Like... increasing the chances of critical hits parallel to the number of times the player reloaded the same save game.

That'd be so next generashun!
 

crufty

Arcane
Joined
Jun 29, 2004
Messages
6,383
Location
Glassworks
Don't blame the designers, not all of them anyway. Blame the audience. Blame the people who wrote Bethesda when they had half naked sprites. The people who complained "the world is too big" in Arena. People who thought NWN I was too hard.

Play Bards Tale. Where is the first dungeon? You had to first figure that out, based on a hint in the manual: a single line. If you didn't, you'd go out wandering and your level I party = TPK.

People like games they can beat in 10 hours now. "Casual" downloads are all the "rage".

But you are right: "customers" are "piggy banks" in a corporation's eyes. Their goal is to extract as much money for as little as possible from our pockets.

But if you want to try something out, get a C64 / Amiga emulator. Play some of those hard classics. Play Ultima VII. Play Dungeon Crawl - Stone Soup. Perhaps you have advanced in skill, where pretty pictures are no longe as important as game play to you. In that case, you are at the right place--welcome to the codex!
 

soggie

Educated
Joined
Aug 20, 2009
Messages
688
Location
Tyr
Or indie RPGs. I got slaughtered in KoTC demo. A fucking demo.
 

Fez

Erudite
Joined
May 18, 2004
Messages
7,954
soggie said:
Or indie RPGs. I got slaughtered in KoTC demo. A fucking demo.

This. So refreshing too. Risen lets you wander off and get your ass handed to you, so not all recent and big budget games have gone the way of level scaling, thankfully.

The level scaling in Oblivion was the worst offender.
 

GarfunkeL

Racism Expert
Joined
Nov 7, 2008
Messages
15,463
Location
Insert clever insult here
It was just as bad in Mass Effect. I don't know why the rage is always about Oblivion - guess it was earlier and more obvious in there. Loot and enemies are just as scaled in ME, though.
 

denizsi

Arcane
Joined
Nov 24, 2005
Messages
9,927
Location
bosphorus
soggie said:
Like... increasing the chances of critical hits parallel to the number of times the player reloaded the same save game.

This could be nice, actually, when the player is on the receiving end. When falling in a particular encounter doesn't mean death / game over and offers new routes, you can use that to discourage the player from missing it.
 

soggie

Educated
Joined
Aug 20, 2009
Messages
688
Location
Tyr
denizsi said:
soggie said:
Like... increasing the chances of critical hits parallel to the number of times the player reloaded the same save game.

This could be nice, actually, when the player is on the receiving end. When falling in a particular encounter doesn't mean death / game over and offers new routes, you can use that to discourage the player from missing it.

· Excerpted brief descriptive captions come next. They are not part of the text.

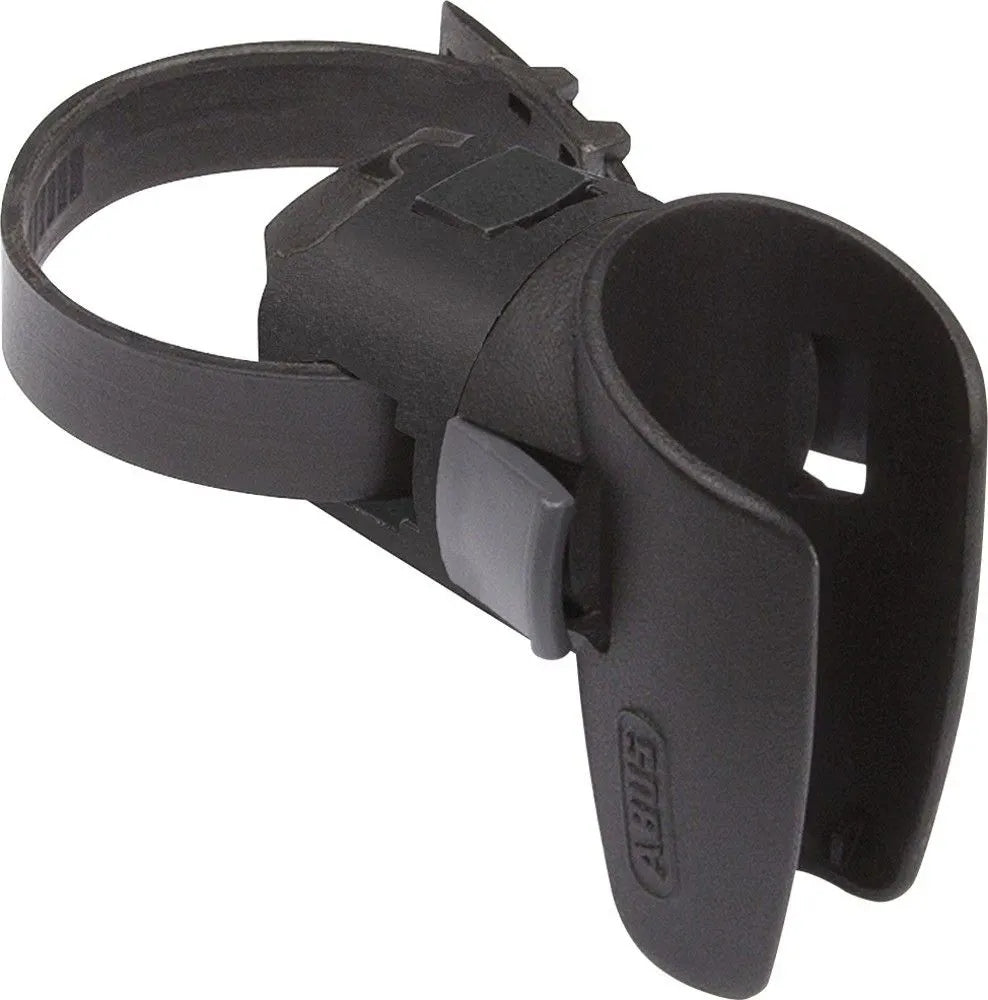 Bicycle fastening ABUS Numero 5510C/180 Cable Black Manufacturer code ABUS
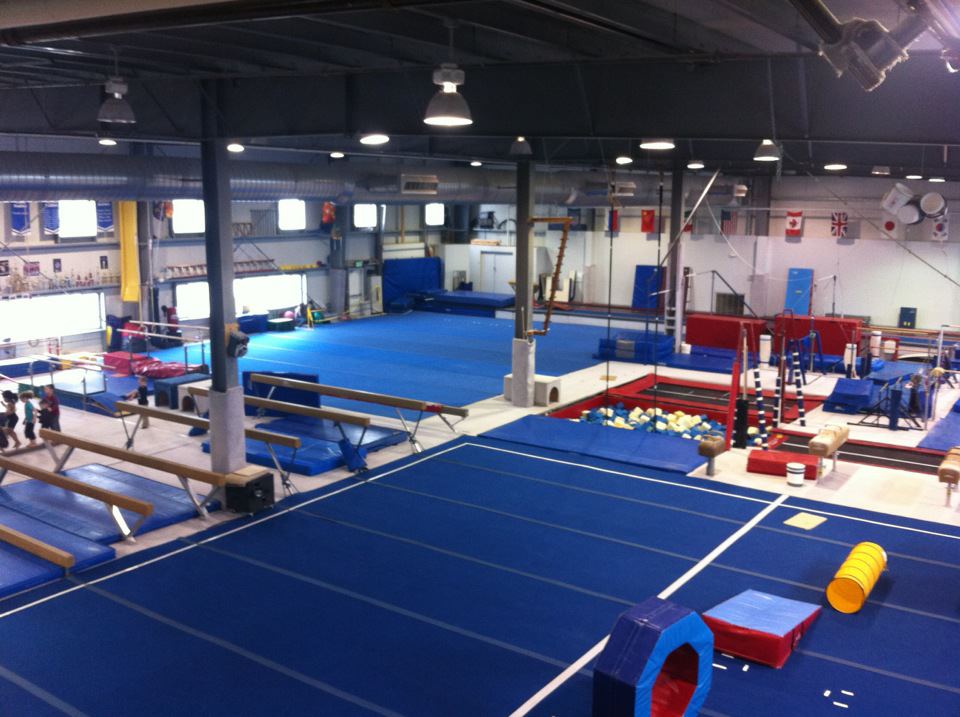  Denali Gymnastics & Childcare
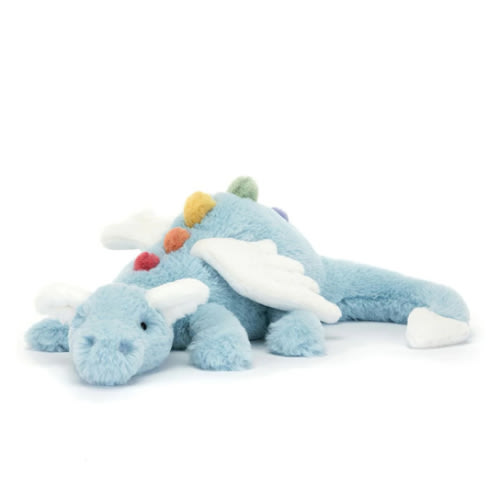 SKY DRAGON PLUSH TOY – Boogzel Clothing
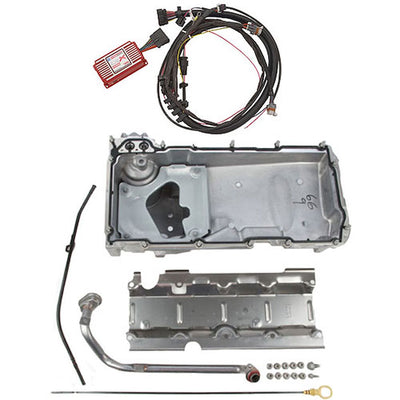 LSX376-B15 6.2L Crate Engine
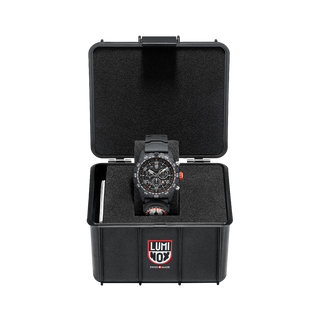 Luminox 3741, Bear Grylls Survival, Outdoor Explorer Watch, 45 mm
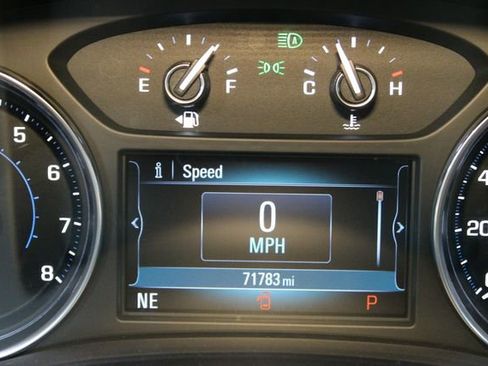 Used 2019 Buick Enclave Premium w/ Experience Buick Package AWD/4WD image 26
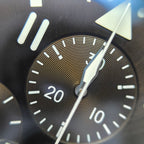 IWC Pilot 43 millimeters IW377713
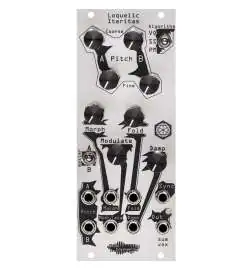 Noise Engineering Loquelic Iteritas (Silver)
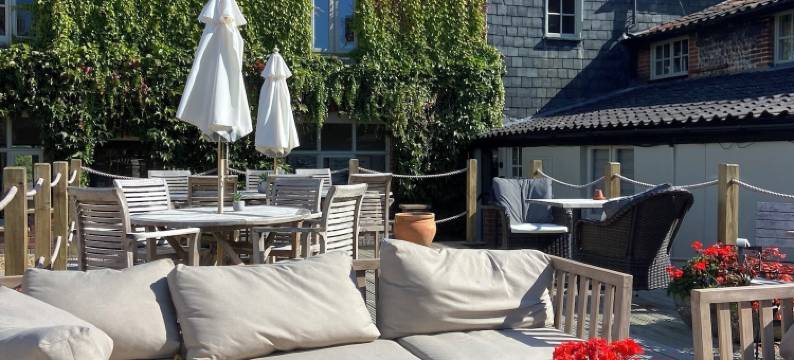 士嘉堡山乡村旅馆(Scarborough Hill Country Inn)图片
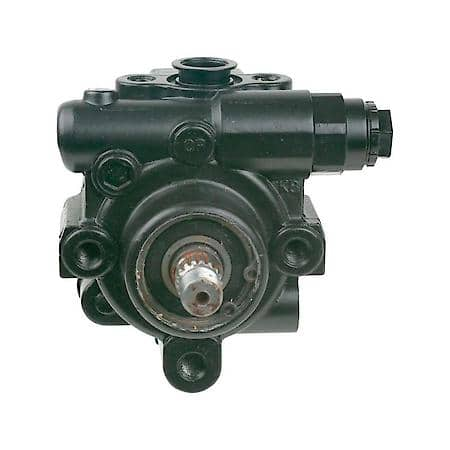 Power Steering Pump, Remanufactured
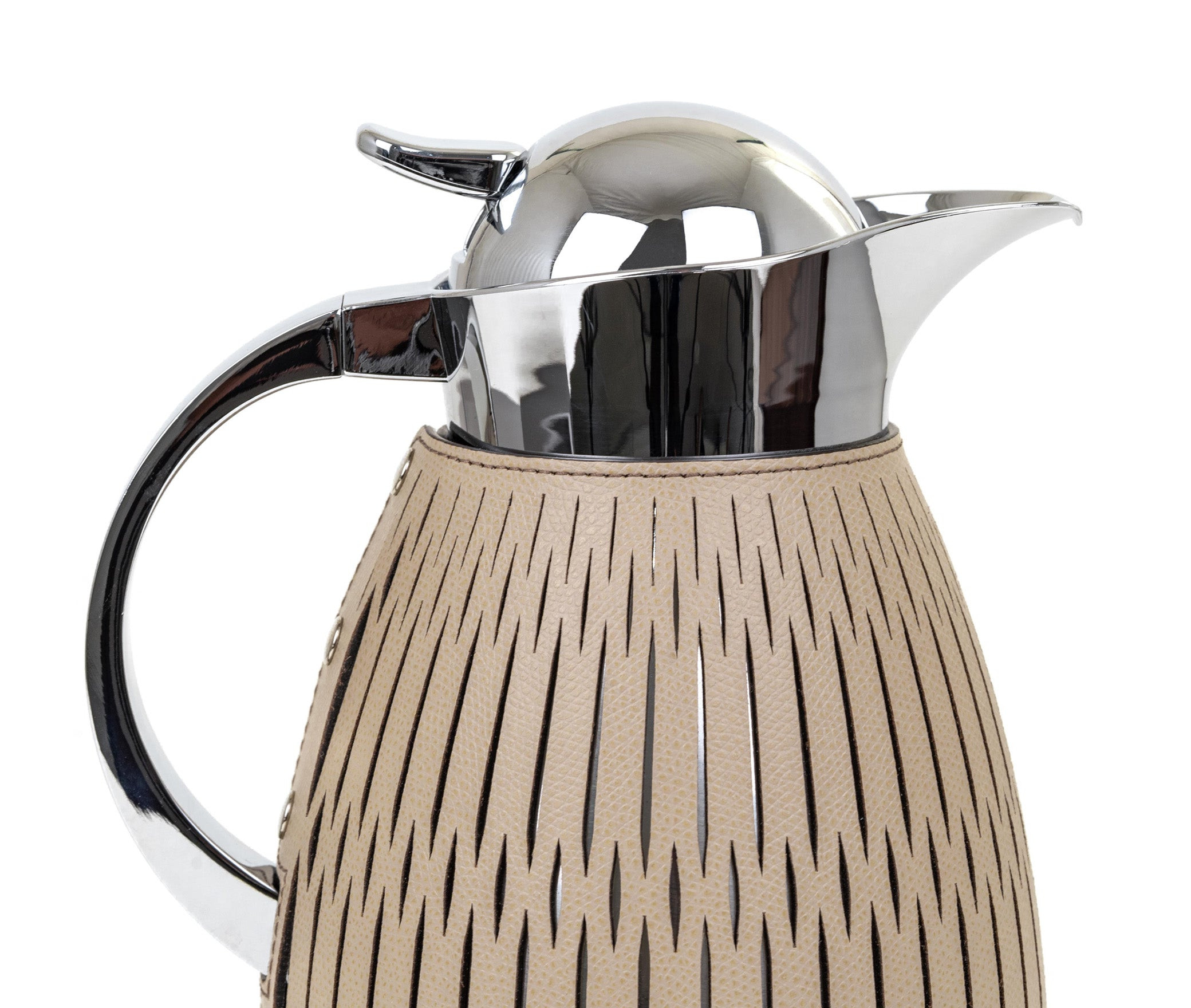 Rose Thermal Carafe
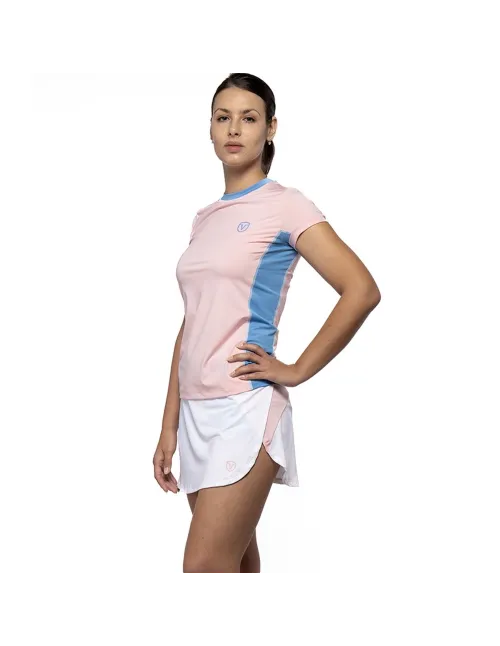 Vairo Pro Women's T-Shirt | Ofertas de padel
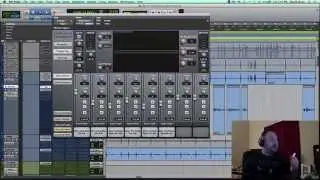 Drum Mixing Tip: Isolating Snare Drum Ghost Notes
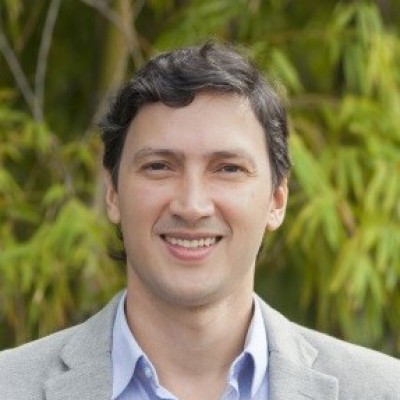 Lorenzo Velasquez Velez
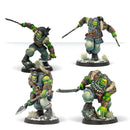 Warcrow - Orc Hunters-Boxed Set-Ashdown Gaming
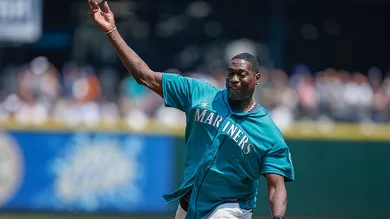 Detroit Tigers v Seattle Mariners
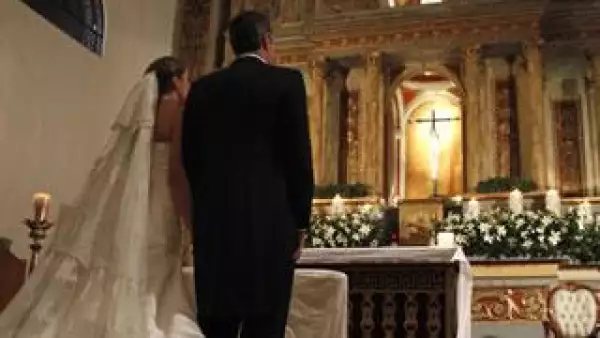 Boda Ma Fernanda Ramirez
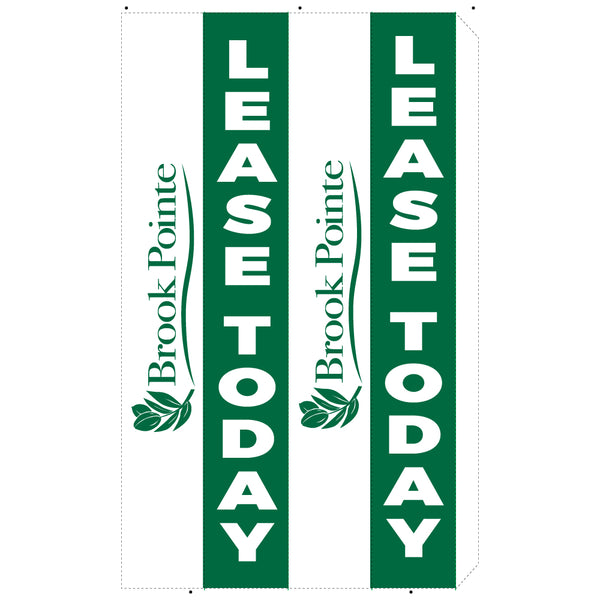 DuraBalloon® 5-Balloon Cluster Pole Kit - with Pole Cover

This of course would only work if nobody but the developers knew of such mechanisms. If such a mechanism is known to a player, it can be easily (and often) exploited, which can potentially ruin the gameplay experience that the designers are gunning for.

What I think is that the game must always provide mechanics for the player to try other methods. When one way doesn't work, the game should encourage the player to try out others instead of forcing them to reload a previous save game.

In this sense, I remember reading a thread in this forum about failure mechanics, where the game is designed to accommodate failure. Failure in one single task wouldn't automatically fail the entire quest or encounter. It would open up other venues of opportunities which sometimes can yield better rewards than succeeding on the first try, which is an interesting design decision in my opinion.
 

J1M

Arcane
Joined
May 14, 2008
Messages
14,632
I just finished Bioshock 2. This sort of dynamic difficulty is in there. The last 5% of your health bar is about as resilient as the first 95%, as enemies will slow their attacks and be more likely to miss you.

The game has a lot of problems, and this is one of them.

Alternative dynamic difficulty scaling: the player gets better at the game. Shocking concept!